For this exercise, copy exactly the lines below from the one with "Dolce & Gabbana" through the one with "Vintage LED Edison" and leave out the pictures.

**Records to use**

┏━━

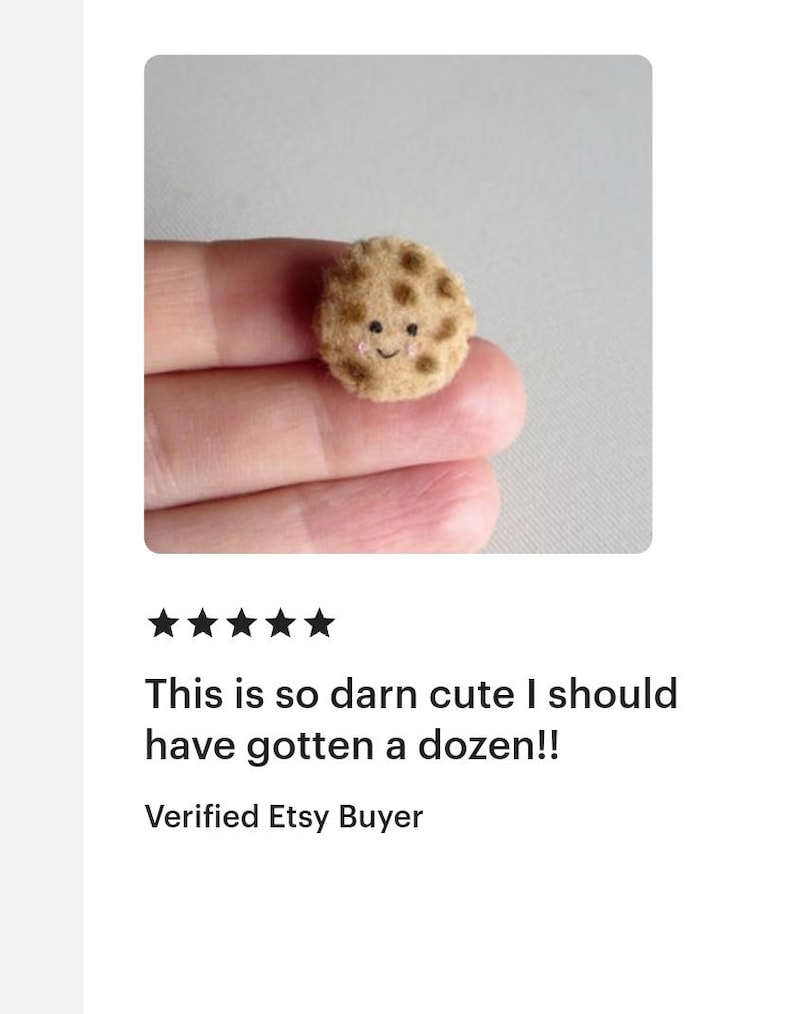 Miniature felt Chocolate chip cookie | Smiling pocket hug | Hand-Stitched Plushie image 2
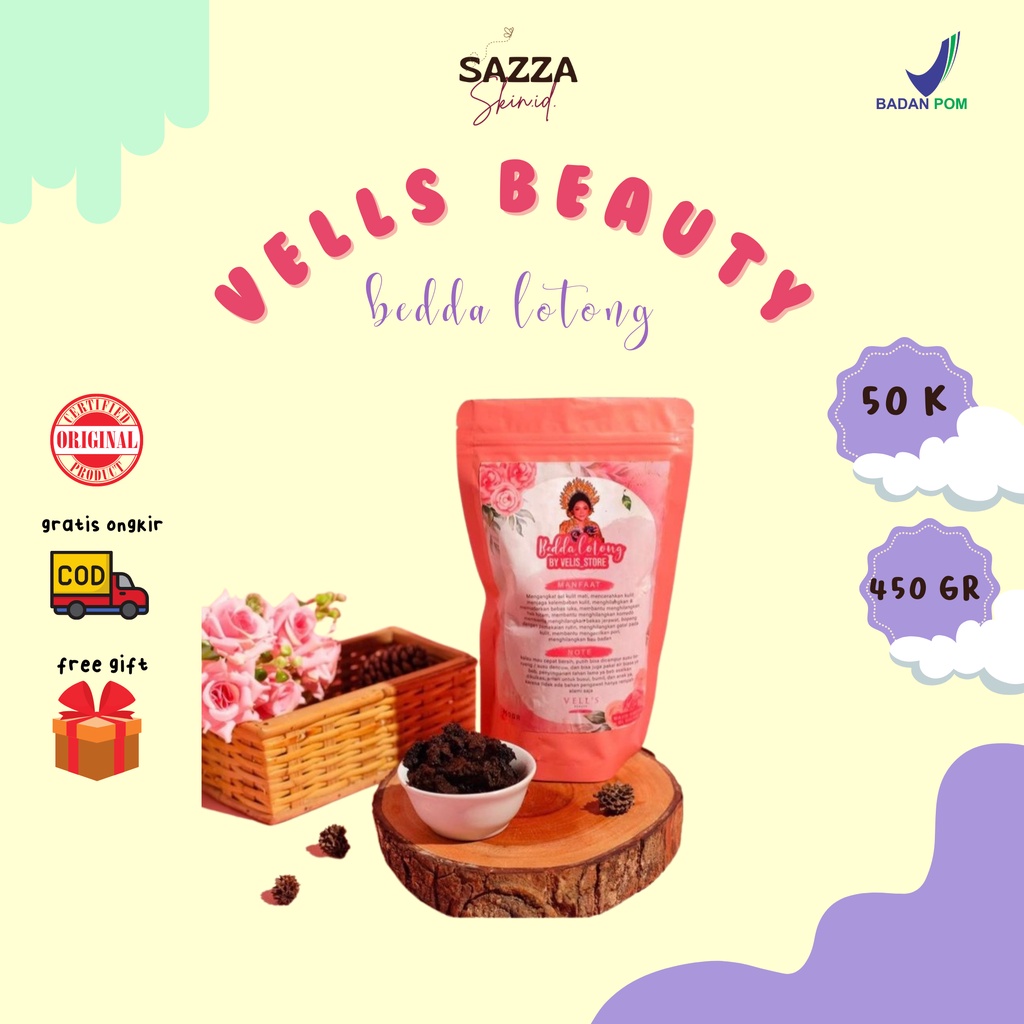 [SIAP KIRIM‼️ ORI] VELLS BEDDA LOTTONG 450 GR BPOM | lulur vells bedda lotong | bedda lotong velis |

┗━━
┏━━

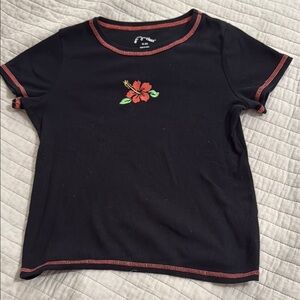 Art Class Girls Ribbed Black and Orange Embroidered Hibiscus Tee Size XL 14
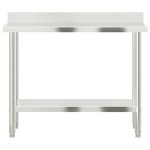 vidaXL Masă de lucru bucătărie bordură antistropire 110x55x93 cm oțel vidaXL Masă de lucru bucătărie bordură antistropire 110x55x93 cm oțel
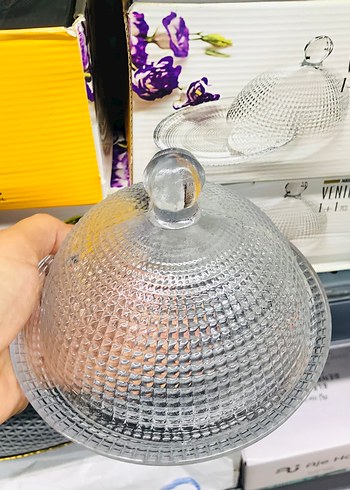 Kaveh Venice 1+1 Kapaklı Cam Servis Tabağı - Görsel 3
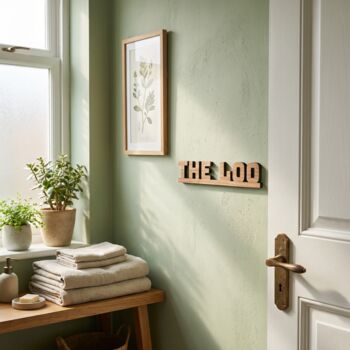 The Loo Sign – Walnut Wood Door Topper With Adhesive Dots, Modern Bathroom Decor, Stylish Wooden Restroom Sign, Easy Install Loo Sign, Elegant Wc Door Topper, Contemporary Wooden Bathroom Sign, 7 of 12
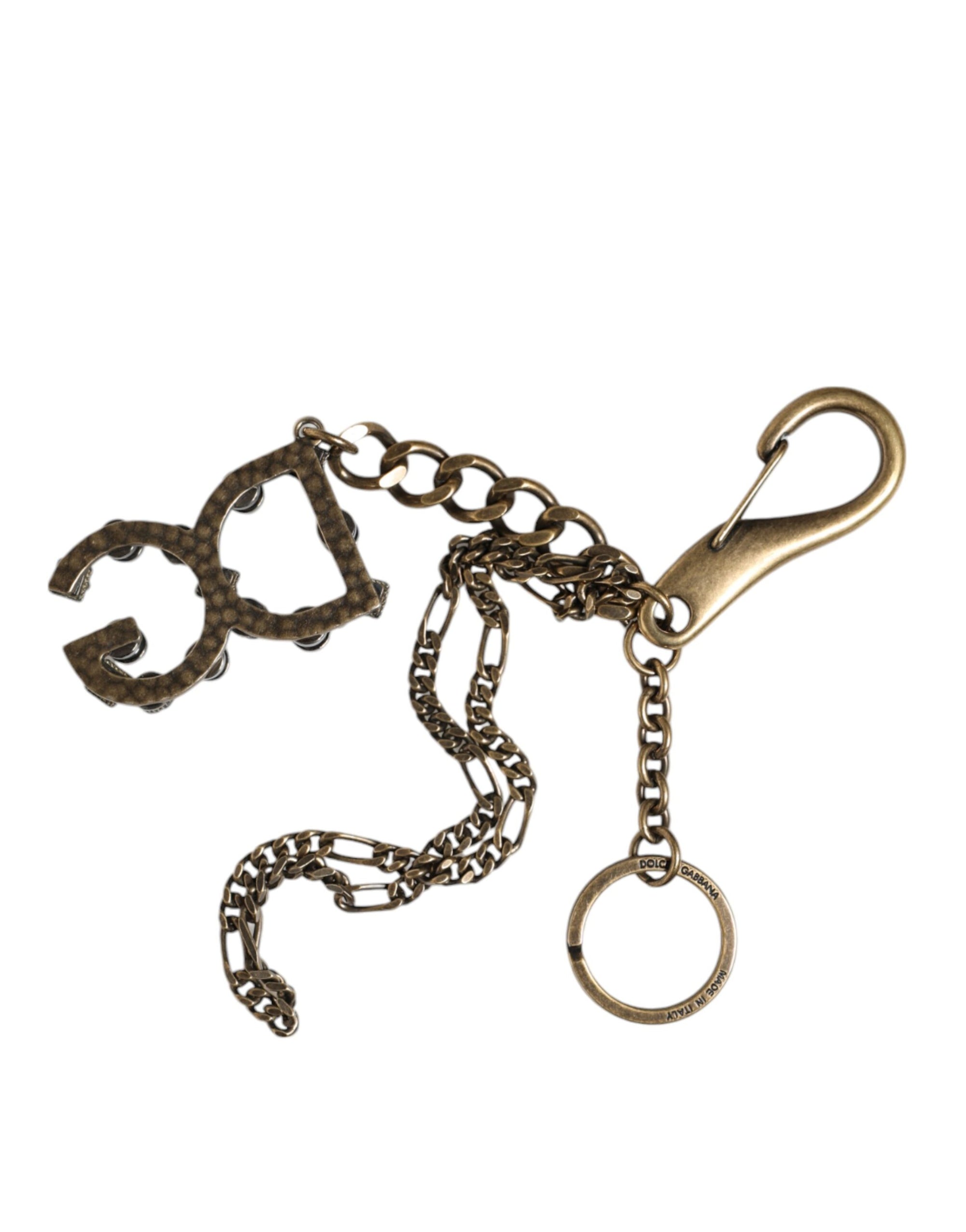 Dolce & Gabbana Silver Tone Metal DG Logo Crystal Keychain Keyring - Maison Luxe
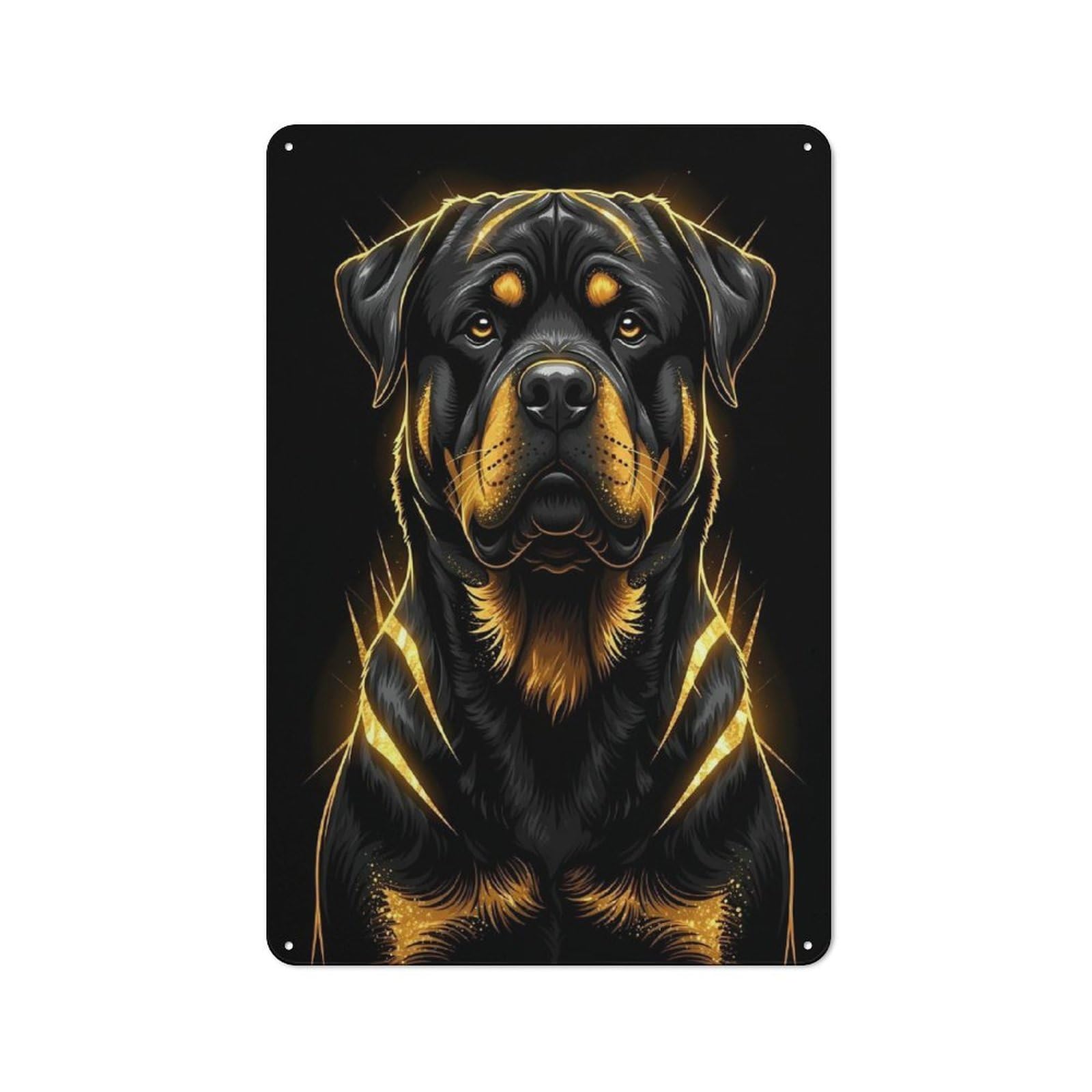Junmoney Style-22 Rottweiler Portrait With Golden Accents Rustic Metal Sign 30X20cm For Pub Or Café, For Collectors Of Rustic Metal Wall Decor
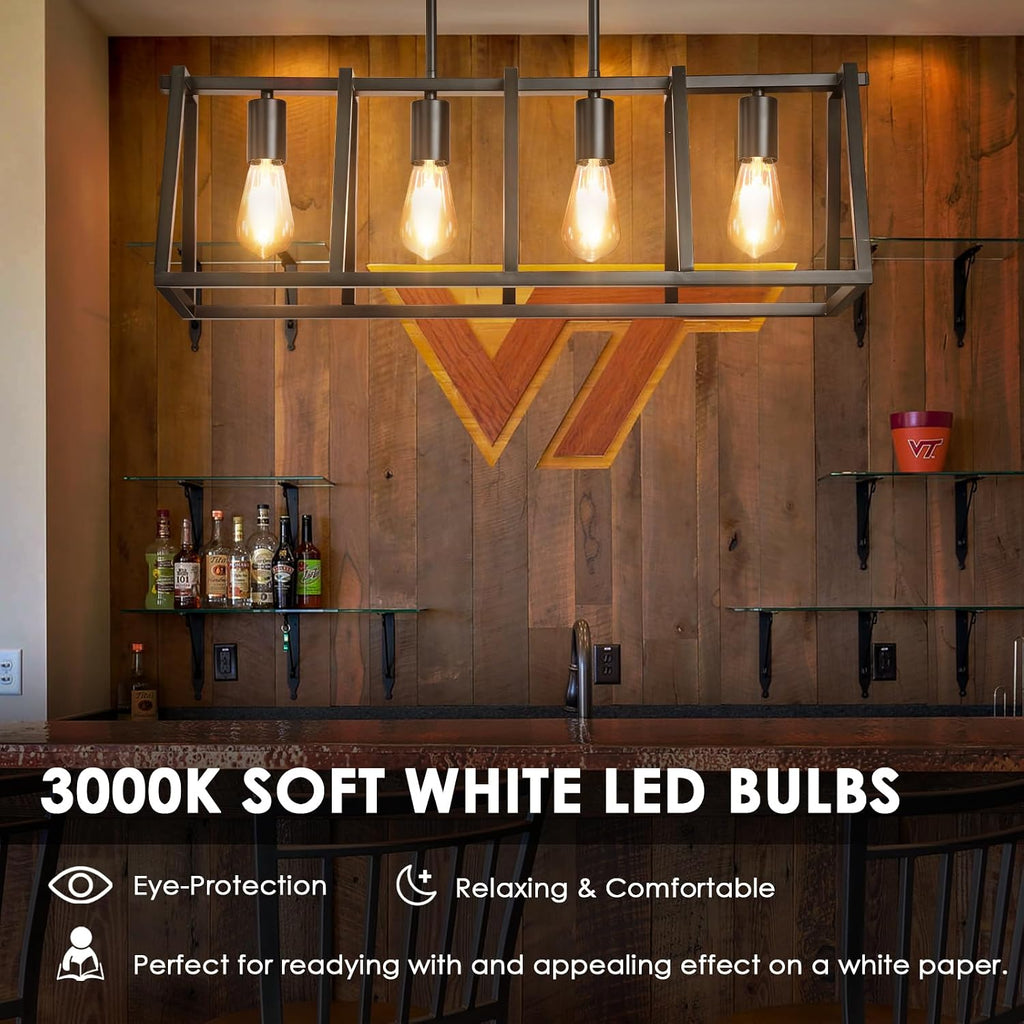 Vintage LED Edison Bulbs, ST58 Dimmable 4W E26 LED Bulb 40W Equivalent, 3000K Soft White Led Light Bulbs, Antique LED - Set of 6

┗━━

**Expected answer**
 Dolce & Gabbana Silver Tone Metal DG Logo Crystal Keychain Keyring - Maison Luxe
Junmoney Style-22 Rottweiler Portrait With Golden Accents Rustic Metal Sign 30X20cm For Pub Or Café, For Collectors Of Rustic Metal Wall Decor
 Vintage LED Edison Bulbs, ST58 Dimmable 4W E26 LED Bulb 40W Equivalent, 3000K Soft White Led Light Bulbs, Antique LED - Set of 6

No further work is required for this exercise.